TASK MATERIAL:
■ ■ ■ ■ ■
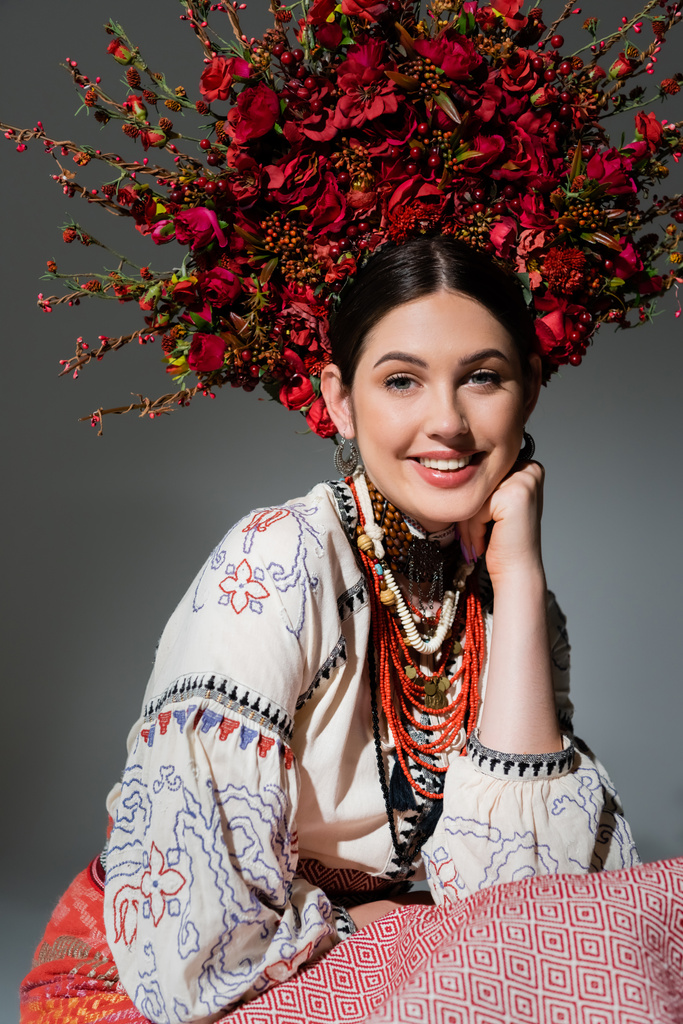 portrait of happy ukrainian woman in traditional clothing and floral red wreath isolated on grey - Foto, imagen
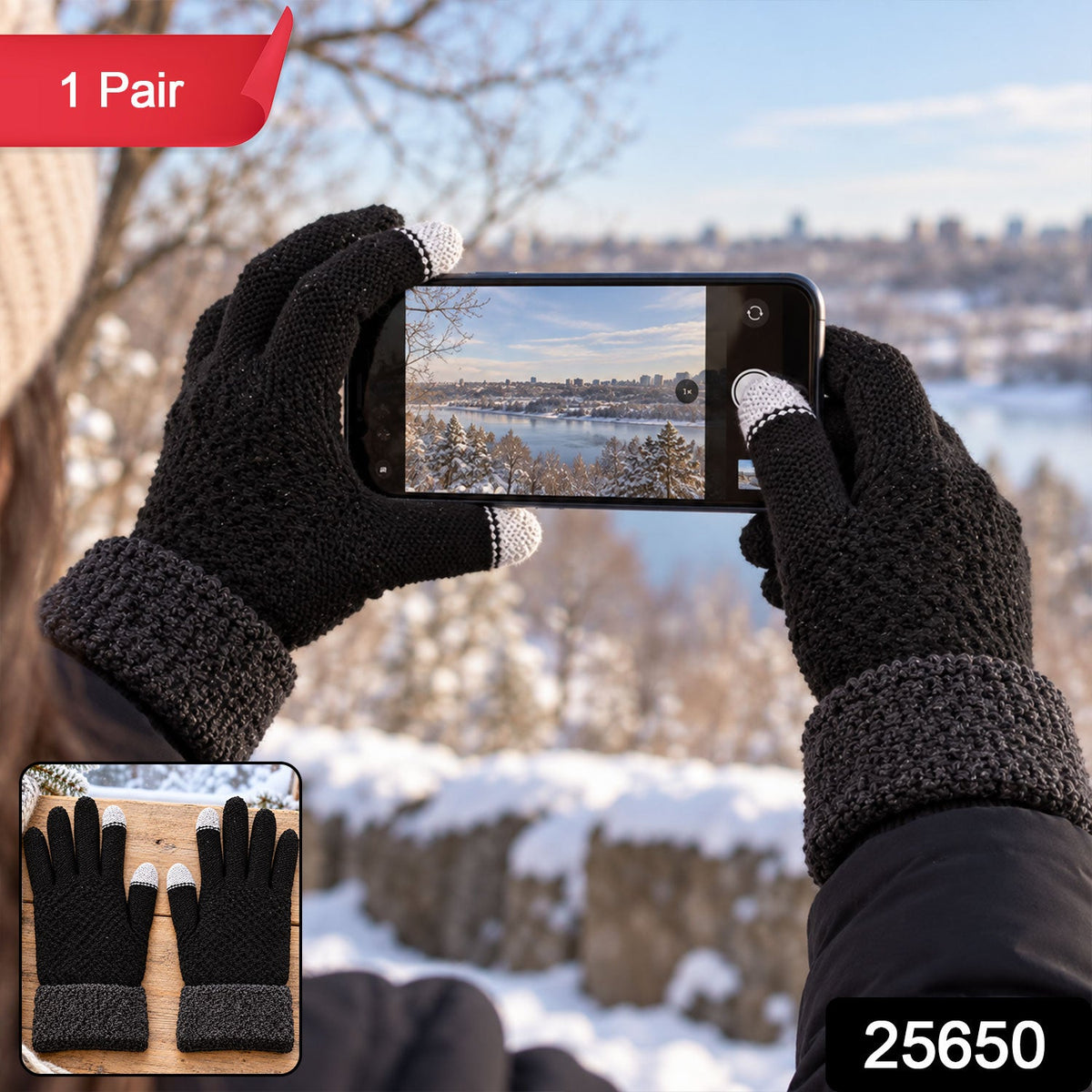 Hands in black knit gloves with gray cuffs and white touchscreen fingertips, photographing a snowy vista with a smartphone.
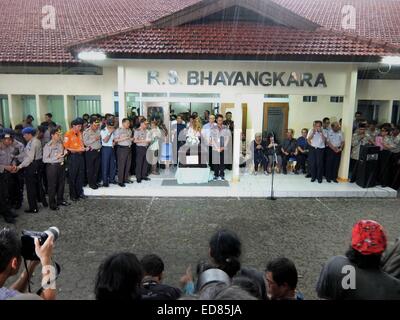 (150101) -- SURABAJA, Jan. 1, 2015 (Xinhua) -- People stand in silent tribute after the first body of crashed AirAsia plane victims arrives at the Bhayangkara hospital in Surabaja, on Jan. 1, 2015. Experts identifying victims of the AirAsia plane that sank in Indonesia's water announced the first result of their works to identify two bodies on Thursday, saying they were to hand one of them to her family soon. Head of Disaster Victim Identification (DVI) named only Budiono said that one of the two bodies was successfully identified to be an Indonesian woman named Hayati Lutfiah Hamid from East Stock Photo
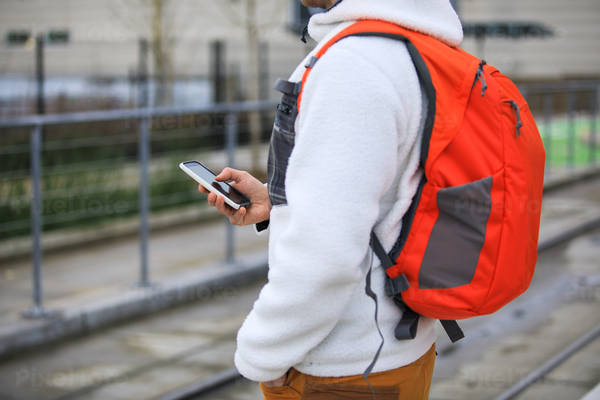 Man with a Backpack Standing on a Train Platform and Scrolling Through His Phone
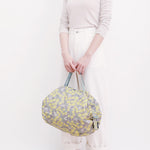 Bolsa SHUPATTO Compact M 15 L Mimosa, en modelo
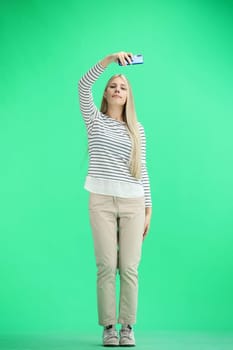 A woman, full-length, on a green background, waving her phone.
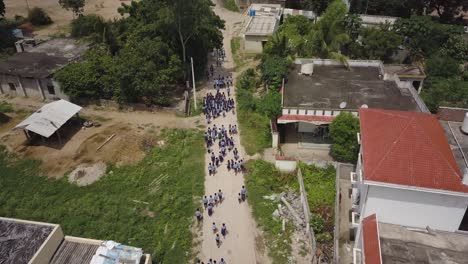 Close-Up-Aerial-Drone-Footage-of-Children-walking-to-School-in-a-Village-in-India,-Asia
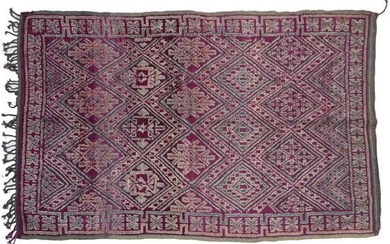 Moroccan Carpet, 2nd quarter 20th century The aubergine diamond lattice...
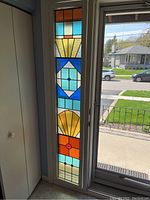 Full-height view of stained glass panel installed in doorway, showing overall design and frame.
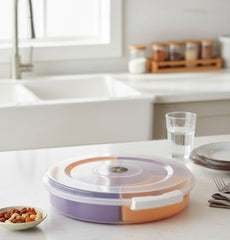 Colorful kitchen container on a white countertop with a sink and window in the background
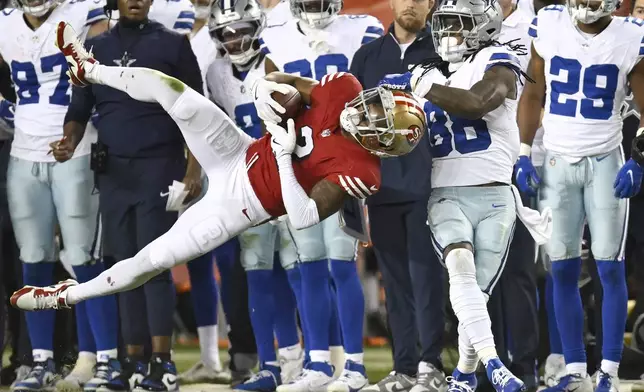 San Francisco 49ers cornerback Deommodore Lenoir, foreground left, intercepts a pass intended for Dallas Cowboys wide receiver CeeDee Lamb (88) during the second half of an NFL football game in Santa Clara, Calif., Sunday, Oct. 27, 2024. (AP Photo/Eakin Howard)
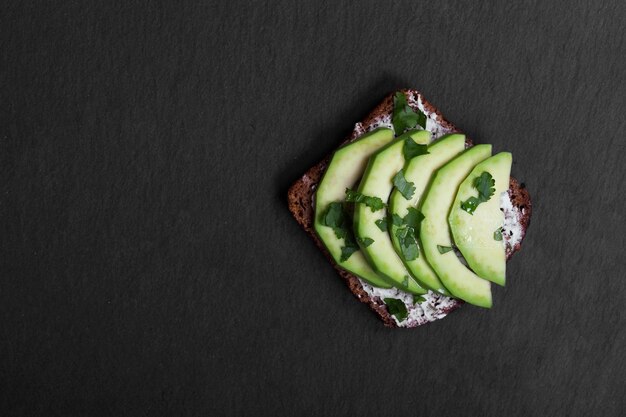 Sándwich de aguacate en pan de centeno oscuro hecho con aguacates frescos en rodajas desde arriba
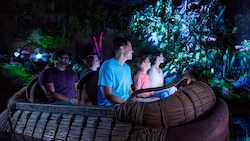 Guests enjoying the bioluminescence of Na’vi River Journey while they ride aboard a woven raft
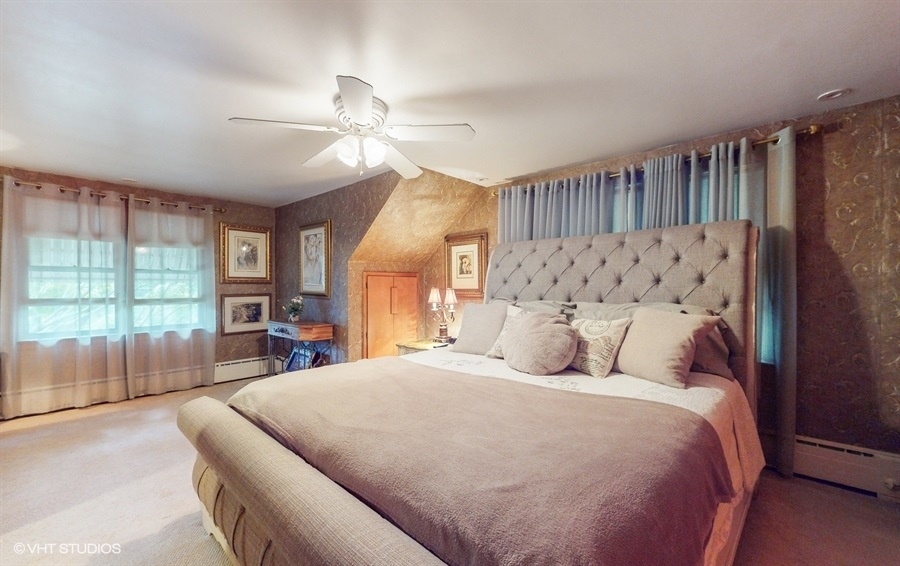 633 Oakland Avenue Elgin, IL 60120 - Photo 16 of 35 a bedroom with a large bed and a large window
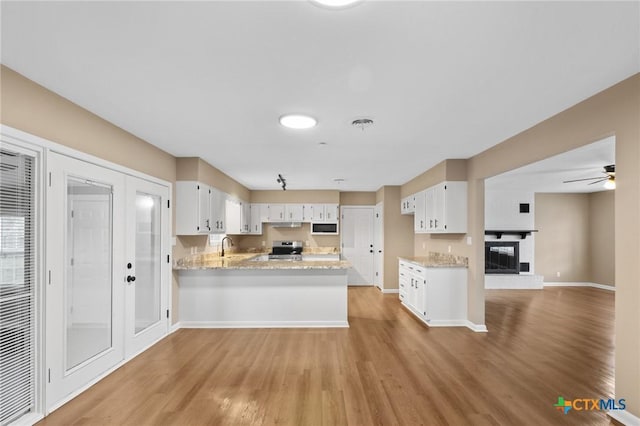 454 W Ward St, Goliad, TX 77963 - kitchen featuring a peninsula, stainless steel electric range, light wood-style flooring, white microwave, and white cabinets
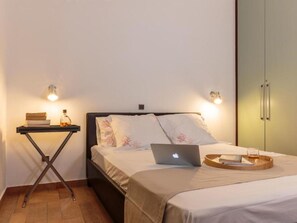 A bedroom with a bed, a laptop, a tray with a glass, and a nightstand with books and a bottle. - Belvedere Beachfront by Interhome (Kolympia)
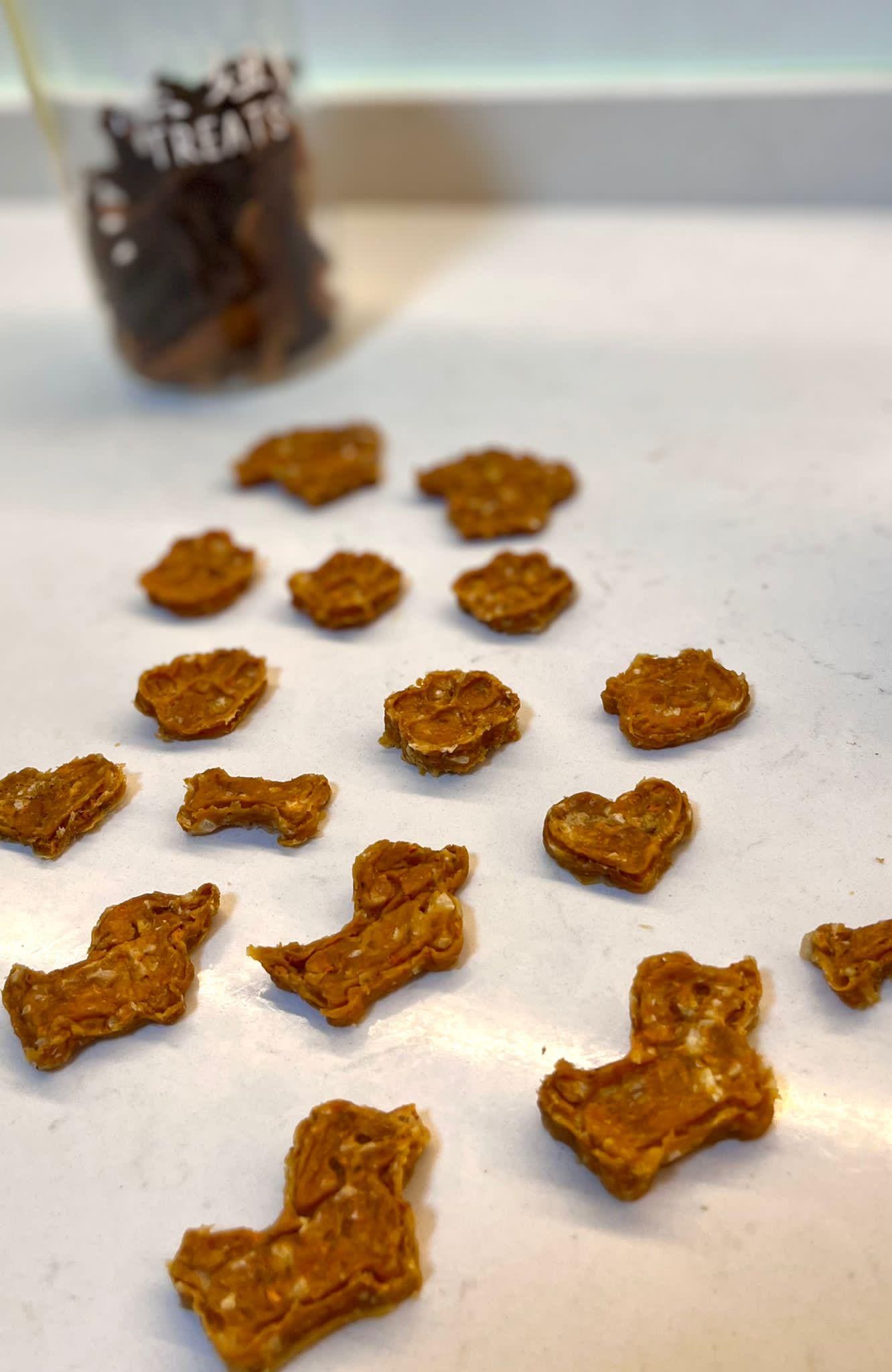 Cookies scattered on a white counter with a TREATS jar behind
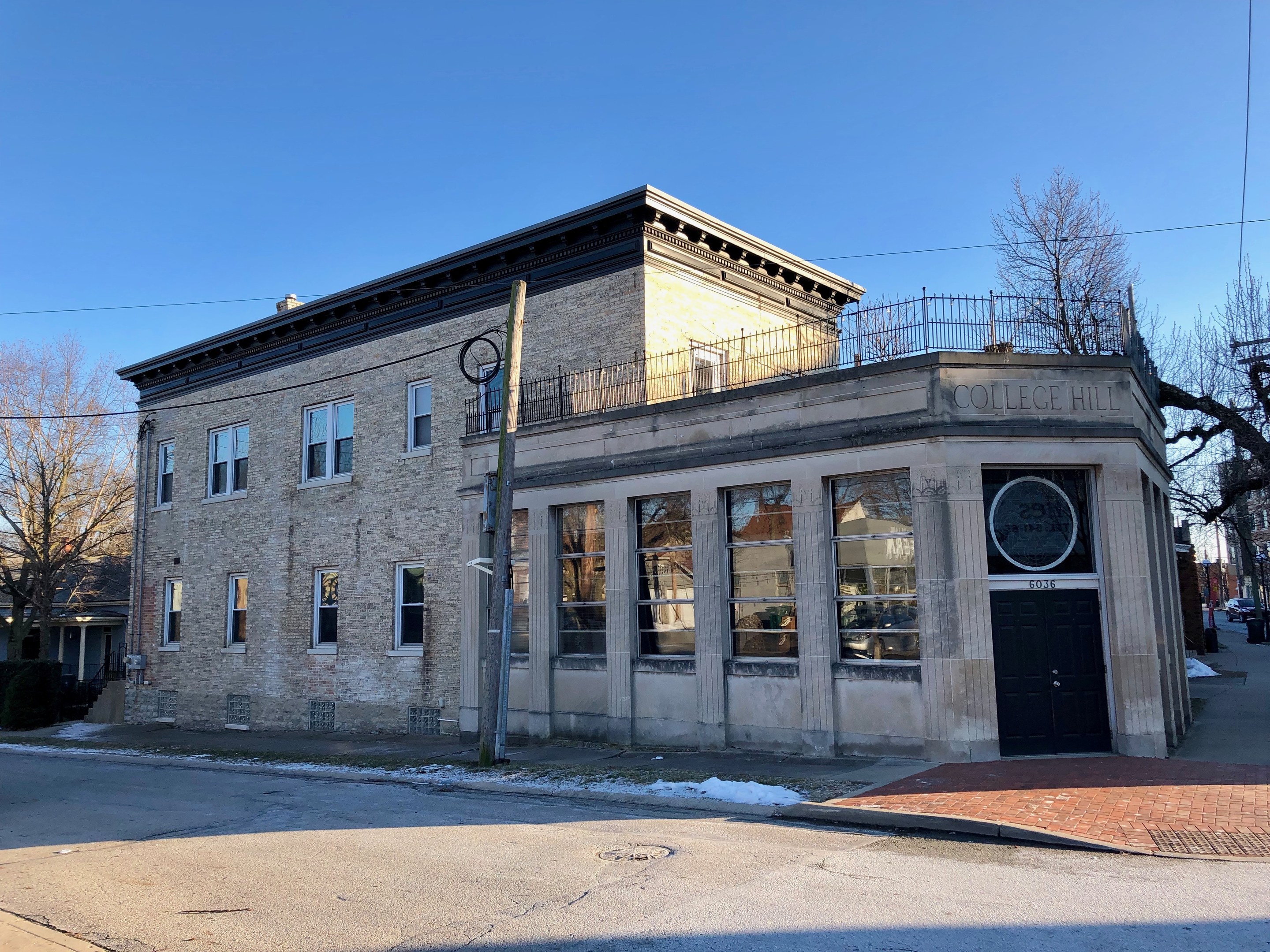 Außenansicht der College Hill Bibliothek, ein altes Gebäude an einer Straßenecke mit Fenstern, einer Tür, umgeben von Bäumen, Pfählen, Drähten und Fahrzeugen, unter einem Himmel als Hintergrund.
■ ■ ■ ■ ■
INSTRUCTIONS TO FOLLOW: Pictures are to be excluded; the records themselves are to be reproduced exactly.

TASK RESPONSE:
 portrait of happy ukrainian woman in traditional clothing and floral red wreath isolated on grey - Foto, imagen
 Hands in black knit gloves with gray cuffs and white touchscreen fingertips, photographing a snowy vista with a smartphone.
 (150101) -- SURABAJA, Jan. 1, 2015 (Xinhua) -- People stand in silent tribute after the first body of crashed AirAsia plane victims arrives at the Bhayangkara hospital in Surabaja, on Jan. 1, 2015. Experts identifying victims of the AirAsia plane that sank in Indonesia's water announced the first result of their works to identify two bodies on Thursday, saying they were to hand one of them to her family soon. Head of Disaster Victim Identification (DVI) named only Budiono said that one of the two bodies was successfully identified to be an Indonesian woman named Hayati Lutfiah Hamid from East Stock Photo
 Man with a Backpack Standing on a Train Platform and Scrolling Through His Phone
 Bolsa SHUPATTO Compact M 15 L Mimosa, en modelo
 A woman, full-length, on a green background, waving her phone.
 Close-Up-Aerial-Drone-Footage-of-Children-walking-to-School-in-a-Village-in-India,-Asia
 Moroccan Carpet, 2nd quarter 20th century The aubergine diamond lattice...
 Full-height view of stained glass panel installed in doorway, showing overall design and frame.
 Colorful kitchen container on a white countertop with a sink and window in the background
 San Francisco 49ers cornerback Deommodore Lenoir, foreground left, intercepts a pass intended for Dallas Cowboys wide receiver CeeDee Lamb (88) during the second half of an NFL football game in Santa Clara, Calif., Sunday, Oct. 27, 2024. (AP Photo/Eakin Howard)
 Sándwich de aguacate en pan de centeno oscuro hecho con aguacates frescos en rodajas desde arriba
 Guests enjoying the bioluminescence of Na’vi River Journey while they ride aboard a woven raft
 633 Oakland Avenue Elgin, IL 60120 - Photo 16 of 35 a bedroom with a large bed and a large window
 454 W Ward St, Goliad, TX 77963 - kitchen featuring a peninsula, stainless steel electric range, light wood-style flooring, white microwave, and white cabinets
 A bedroom with a bed, a laptop, a tray with a glass, and a nightstand with books and a bottle. - Belvedere Beachfront by Interhome (Kolympia)
 Cookies scattered on a white counter with a TREATS jar behind
 Außenansicht der College Hill Bibliothek, ein altes Gebäude an einer Straßenecke mit Fenstern, einer Tür, umgeben von Bäumen, Pfählen, Drähten und Fahrzeugen, unter einem Himmel als Hintergrund.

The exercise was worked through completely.